A proof of concept technique for writing injection-proof APIs in Haskell. Posted by Thomas Sutton on September 16, 2012

This post contains a short proof-of-concept for a technique which allows library authors to implement injection-proof interfaces. It combines two techniques used by Bryan O’Sullivan in the mysql-simple and text packages:

• Wrap injection-vulnerable string parameters in a new type with a restricted API.

• Use GHC’s rewriting facilities to modify the code generated for literal values of string types.

This technique (which probably isn’t new, but is new to me) works like this:

1. Create a new type which wraps your problematic strings.

2. Define an instance of IsString for this new type.

3. Implement a new “unsafe” version for the fromString method.

4. Use a rule to specialise fromString to your fromStringUnsafe function.

5. Define a “safe” version of the fromString method.

6. Use a rule to replace “safe” calls to fromStringUnsafe with your fromStringSafe function.

The first two steps result in an API in which writing unsafe code requires explicit effort from the programmer.

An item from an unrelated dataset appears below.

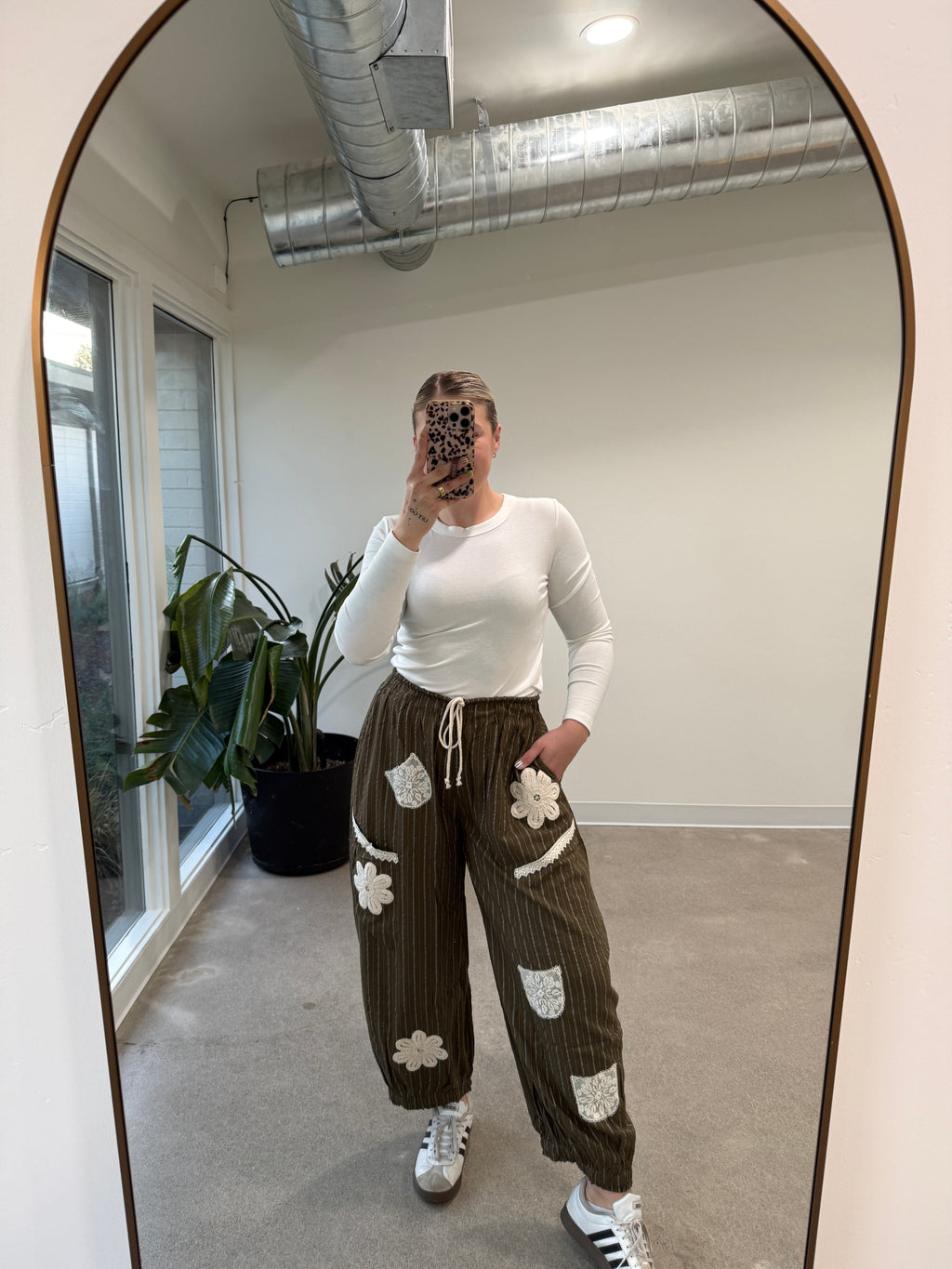 Olive Striped Crochet Pocket Joggers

Rather than writing:

result <- query_ $"SELECT * FROM table WHERE id = " ++ theId a programmer will need to write: result <- query_$ fromString \$ "SELECT * FROM table WHERE id = " ++ theId

This is certainly an improvement, but still allows unsafe operations to be performed.

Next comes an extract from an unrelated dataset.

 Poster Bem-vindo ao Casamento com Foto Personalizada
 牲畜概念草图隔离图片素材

Steps three and four convince GHC to replace the fromString calls which convert string values (be they literal as in the first example or dynamic as in the second) into our custom type with calls to our own specialised function. Functionally, this should have no impact on the program.

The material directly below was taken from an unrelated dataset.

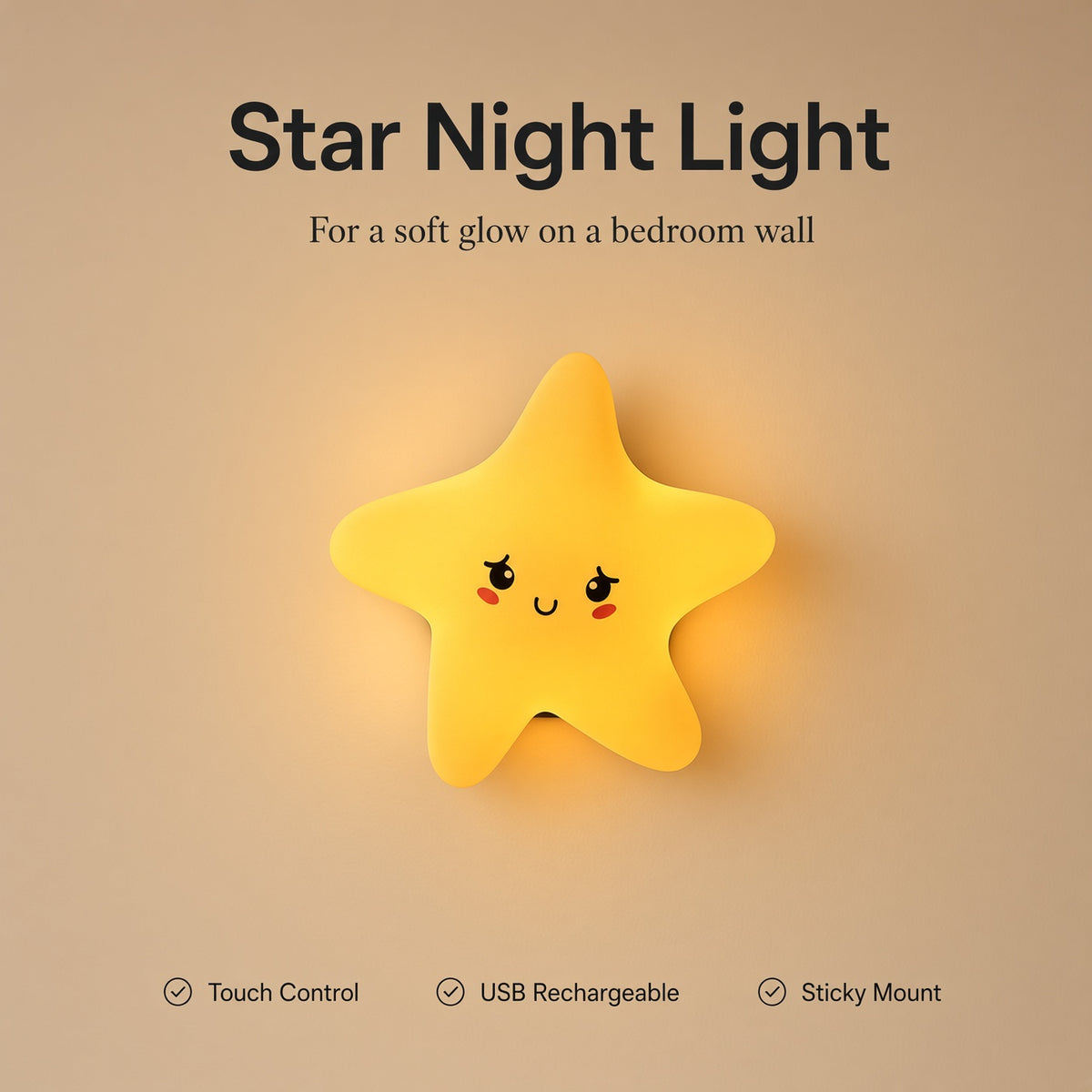 Lightora USB Rechargeable Night Light - Star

In steps five and six we use a technique from text, where we use knowledge of GHC’s internals to rewrite the code which handles our string literals and replace this code with something a little more specialised. In the text package, this results in code which goes straight from GHC.CString.Addr# to Text values rather than going via an intermediate String.

So far this seems like a little bit of security theatre with a little bit of optimisation, but it becomes more powerful when we make our implementations of fromString and fromStringUnsafe call error and only fromStringSafe actually create a Query (or whatever your type is).